I can dream other-wise. And so can you.
Don’t take it from me. Take it from another star-crossed dreamer.
We are all of us in the gutter. But some of us are looking at the stars.
We got to keep our selves out of AM’s belly. We got to keep believing and dreaming what is good and true and real. When we stop: that way lies madness and death.
Yes, I have written a story about this. You can buy it here.
Disregard the ratings. They never learned they shouldn’t steal Dubble Bubble.
This.
Deserves a react, praise, from all of the people who read this, from everyone who ever reads it.
I don't dare speak directly to it. It's rearranging my perception of him, and of you and your writing, in my head. Right now, it feels like anything which I could say isn't adequate to the subject, and might/would somehow minimize or disrespect it.

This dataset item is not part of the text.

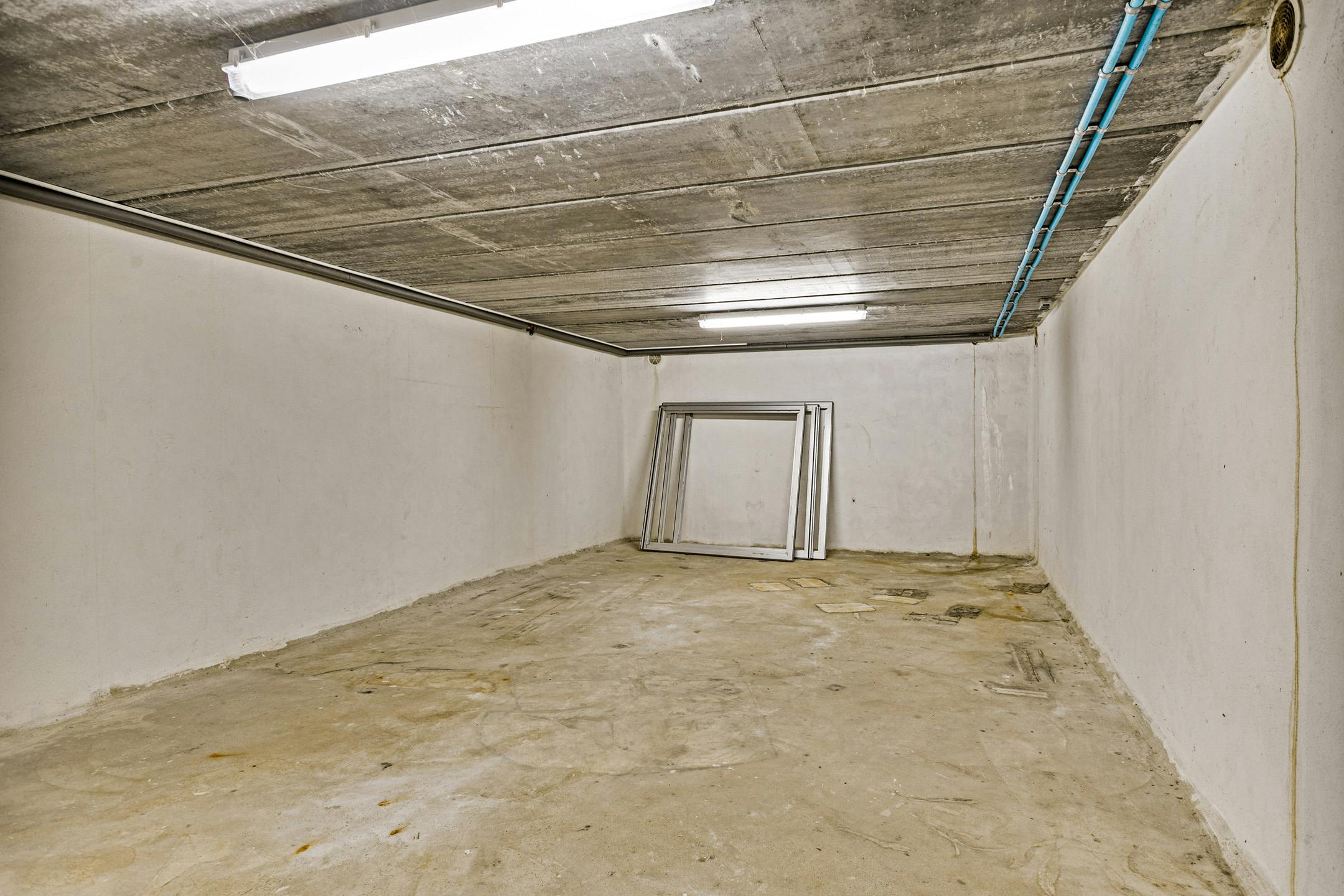 Ruime villa met praktijkruimte te koop in Sint-Baafs-Vijve foto 20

I didn't know him except as an author, and that mostly through "A Boy and His Dog [paperback]," and "Again, Dangerous Visions [Science Fiction Book Club, hardback]." I hadn't known that he was so much bigger than that.
I hadn't known your history, or about Emily Dickinson.
Thank you for amping signal on all of this. All of it.
He was a superb writer who worked in many different genres and forms and succeeded in them all. This, and the fact that he was first and foremost his own unique man in everything he did, has made him a major influence on me.